Short stories work best as short films. There is a certain brevity and inherent pace that must not be tampered with. Especially, if the source material relies on an O Henry ending.

O Henry’s short stories, especially The Last Leaf, that Lootera is based on, have the structure of a joke. It’s all about the punchline. You need to say it with all the detail you can, keep your audience wondering and before they know it, deliver that last line with sweet timing and get out of there.

The good news is that Vikramaditya Motwane’s Lootera delivers that last line with perfection.

If only the makers had kept the rest of the storytelling equally tight and gripping. Thanks to the concept of the interval, our films need two climactic twists. One for the interval point and one for the ending. With the spoiler of a title, the interval point here is really not much of a twist. And how riveted you can be for 70 minutes waiting for that titular reveal has everything to do with your patience level and affinity for gorgeously framed images.

The film does work in moments — like when Varun (Ranveer Singh) tries to teach Pakhi (Sonakshi Sinha) how to draw leaves in her painting, or when she confronts him about his feelings for her, the gripping chase in the second half and the last leaf in the climax.

Imagine Kunal Kohli’s Fanaa adapted for the 1950s, better done, restrained but with the slowish pretension of a wannabe classic.
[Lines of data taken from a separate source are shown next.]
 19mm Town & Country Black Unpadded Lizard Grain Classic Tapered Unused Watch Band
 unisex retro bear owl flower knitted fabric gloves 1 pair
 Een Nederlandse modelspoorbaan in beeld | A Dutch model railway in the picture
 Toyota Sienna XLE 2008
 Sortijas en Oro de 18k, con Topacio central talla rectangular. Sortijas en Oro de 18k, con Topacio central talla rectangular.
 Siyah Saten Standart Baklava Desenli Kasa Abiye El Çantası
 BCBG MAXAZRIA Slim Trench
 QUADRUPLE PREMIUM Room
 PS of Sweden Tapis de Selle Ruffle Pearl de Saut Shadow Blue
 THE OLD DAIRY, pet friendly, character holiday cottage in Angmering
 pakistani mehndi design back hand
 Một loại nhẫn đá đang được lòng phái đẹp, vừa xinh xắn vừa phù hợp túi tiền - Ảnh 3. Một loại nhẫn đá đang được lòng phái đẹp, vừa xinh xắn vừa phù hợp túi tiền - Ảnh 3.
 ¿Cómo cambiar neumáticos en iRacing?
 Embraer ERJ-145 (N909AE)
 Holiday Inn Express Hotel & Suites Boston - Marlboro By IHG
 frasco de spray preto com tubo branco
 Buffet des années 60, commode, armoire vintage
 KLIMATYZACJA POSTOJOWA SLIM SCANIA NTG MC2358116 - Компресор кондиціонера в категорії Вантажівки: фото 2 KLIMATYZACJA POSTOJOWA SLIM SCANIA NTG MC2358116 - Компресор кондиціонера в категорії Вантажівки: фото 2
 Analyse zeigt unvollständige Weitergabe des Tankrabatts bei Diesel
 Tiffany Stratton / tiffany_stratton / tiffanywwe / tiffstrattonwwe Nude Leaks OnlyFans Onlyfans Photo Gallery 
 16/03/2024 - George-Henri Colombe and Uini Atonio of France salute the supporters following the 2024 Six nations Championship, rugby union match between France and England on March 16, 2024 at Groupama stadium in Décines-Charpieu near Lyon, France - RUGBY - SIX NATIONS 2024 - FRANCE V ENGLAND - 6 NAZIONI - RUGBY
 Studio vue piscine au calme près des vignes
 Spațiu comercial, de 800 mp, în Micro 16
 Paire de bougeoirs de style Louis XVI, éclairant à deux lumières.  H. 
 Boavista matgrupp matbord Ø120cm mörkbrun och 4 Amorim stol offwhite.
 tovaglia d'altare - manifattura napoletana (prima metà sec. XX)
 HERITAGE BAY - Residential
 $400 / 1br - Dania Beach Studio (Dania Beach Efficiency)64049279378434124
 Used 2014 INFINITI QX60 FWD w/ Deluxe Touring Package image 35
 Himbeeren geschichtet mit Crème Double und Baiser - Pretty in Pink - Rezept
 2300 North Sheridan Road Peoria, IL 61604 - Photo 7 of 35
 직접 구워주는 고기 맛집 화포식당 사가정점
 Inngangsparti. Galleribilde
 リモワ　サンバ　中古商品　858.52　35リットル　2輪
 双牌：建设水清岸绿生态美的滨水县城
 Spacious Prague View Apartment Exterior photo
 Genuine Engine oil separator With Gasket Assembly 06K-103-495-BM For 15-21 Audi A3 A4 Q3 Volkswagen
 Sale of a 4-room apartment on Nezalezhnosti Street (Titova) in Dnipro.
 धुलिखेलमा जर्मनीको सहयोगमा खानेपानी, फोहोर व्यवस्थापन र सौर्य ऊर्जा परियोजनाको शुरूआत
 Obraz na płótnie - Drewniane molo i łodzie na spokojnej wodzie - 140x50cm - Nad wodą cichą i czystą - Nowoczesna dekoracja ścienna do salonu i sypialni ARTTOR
Fine period detailing and tragedy alone don't make for a classic.

If stories of dying people make for a classic, the “no smoking” ads before films are classics. “Afsos Mukesh Bachch Na Saka”.

This is a film where you can see that the director learnt his craft from the Bhansali school of grandeur, decadence and drama, but the film also wants to employ Kashyap’s minimalist, slice-of-life matter-of-factness and restraint in the same story. It’s not an easy rope walk and but no points for trying that. Because this results in many moments of complete dissonance. The background score spells out and underlines every emotion, while the performances are understated.

To be fair to the cast, Ranveer Singh and Sonakshi Sinha do an earnest job, keeping the performances completely real. Sonakshi especially turns in a career best, while Adil Hussain, Arif Zakaria and Barun Chanda bring in a lot of credibility to the characters.

This is the kind of film you might get bored watching in the theatres but find your mom crying to, when it plays on TV. Maybe it’s generation gap, maybe a threshold for patience...

But I found myself restless in my seat, bored by the indulgence of a filmmaker to turn what seemed like a short, fun story with a smart twist on paper into an unwarranted drama with epic delusions of tragedy.